Lake and McNeely, however, predicted that hard-right attacks and Trump-centric appeals won't deliver votes beyond the base, particularly amid a crush of advertising in a runoff campaign whose total expense could top $500 million.
“We reached the point of diminishing returns a long time ago,” Lake said.
They also bemoaned Trump's continued grievances about his defeat even after his own attorney general said there was no evidence the election was marred by fraud and courts across the country rejected challenges to the outcome.
“If, for some reason, the Republican candidates lose,” Lake said, “it’s going to be hard to write a post-mortem on this runoff and not look directly at all the chaos that has been created on voter fraud.”
Early voting ended Thursday with just more than 3 million Georgians casting absentee or in-person ballots.

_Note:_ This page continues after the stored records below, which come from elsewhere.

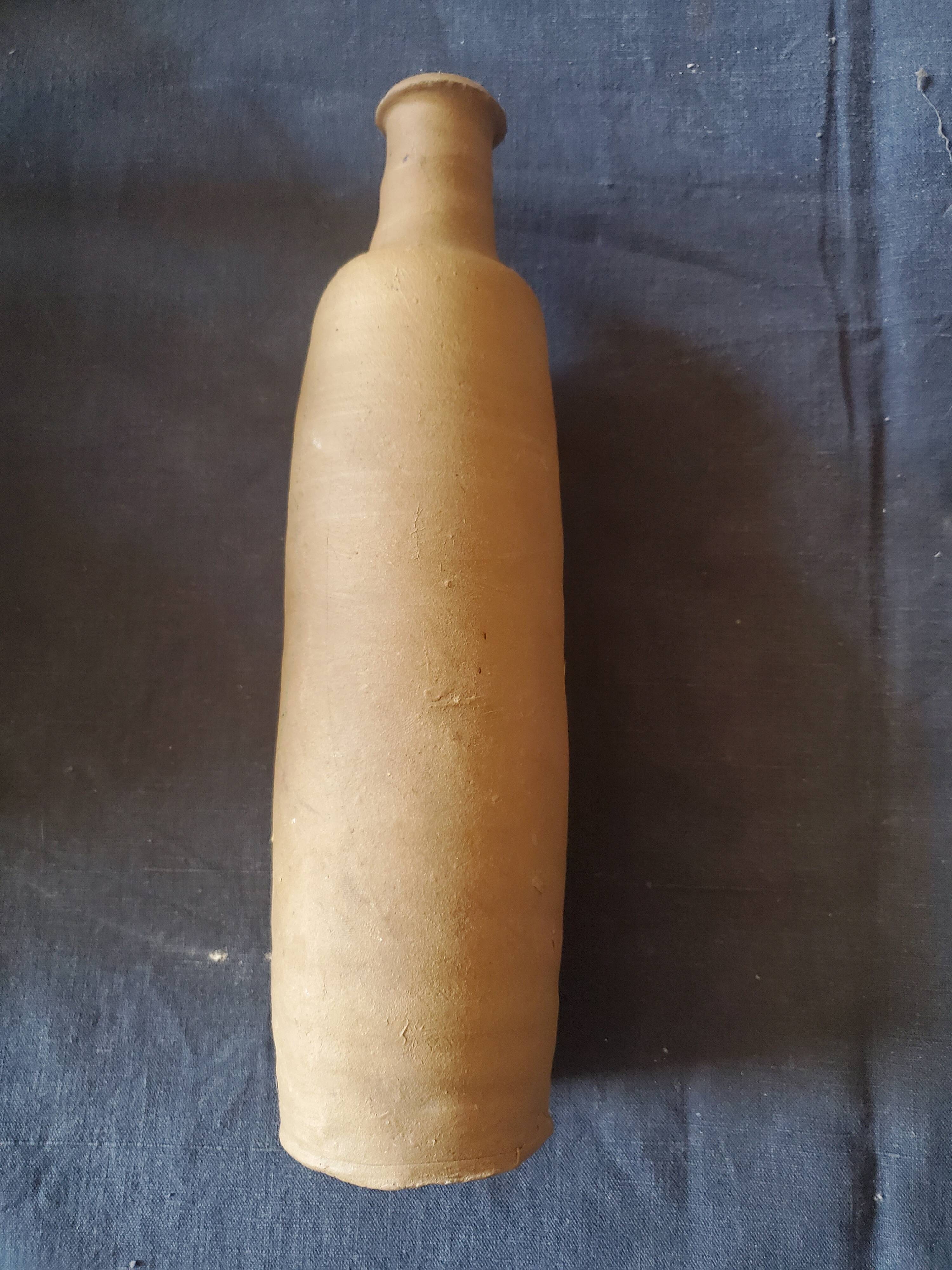 3 terracotta bottles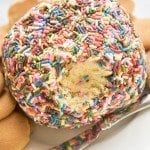 A sprinkle covered cake battery cheeseball is displayed with the middle visible.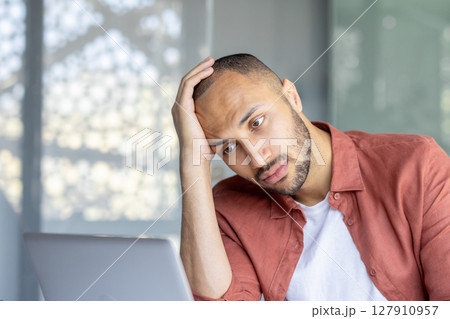 A tired man leans his head on his hand while looking at a laptop, possibly feeling stressed or overworked A tired man leans his head on his hand while looking at a laptop, possibly feeling stressed or overworked 127910957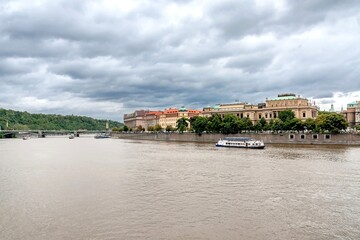 Fototapeta na wymiar Cruise ships on the Vltava River, Rudolfinum, Prague Conservatory, and Czech Bridge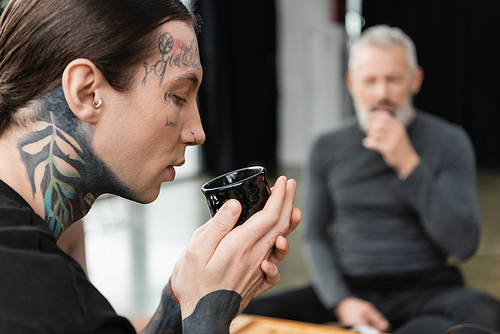 side view of tattooed man holding Chinese cup with brewed puer tea near middle aged man on blurred background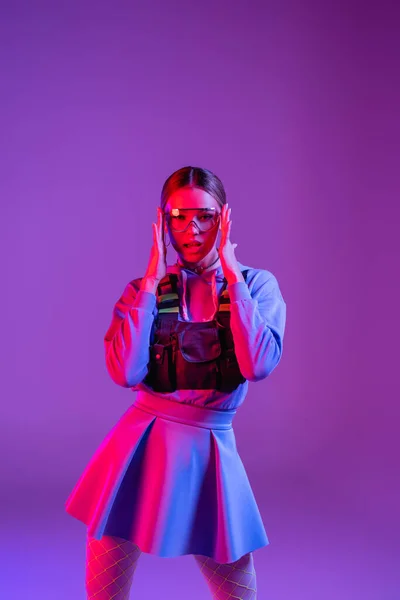 Young woman adjusting sunglasses and looking at camera on purple — Stock Photo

That trails the final early vote count of 3.65 million ahead of the general election. But the early vote already has set a statewide Georgia runoff turnout record.
Jen Jordan, a Democratic state senator who in 2017 won a suburban Atlanta district long held by Republicans, acknowledges her party, too, has moved to base strategy. But Jordan argued that Democrats still root their pitch more in policy ideas, especially on health care access and public education, that she said has wide appeal. She said Perdue and Loeffler undermined their “socialism” warnings by splitting from most congressional Republicans to support the president’s call for $2,000 pandemic aid payments to individual Americans.
“I’ve never heard the word socialism so much in my life, and then they’re both like, yeah, let’s give everybody $2,000 checks,” Jordan said.
McNeely, the former state GOP leader, lamented that even if Perdue and Loeffler win, their campaigns move Georgia further away from a more centrist tradition. He cited Republican Sen. Johnny Isakson, whose retirement opened the way for Kemp to appoint Loeffler.
Unlike many Southern Republicans of his generation, Isakson was never a Democrat. But he rose through the Georgia General Assembly in an era when Democrats dominated the state. In Washington, Isakson was a reliable Republican vote but shunned partisan jousting and intently avoided talking about Trump whenever possible.
“Sen. Isakson learned to see things from a different perspective,” McNeely said, adding that Republican politicians should “think beyond campaigns and what the president is thinking” and that more voters should decide that “it doesn’t make you a bad guy or gal because you compromise.”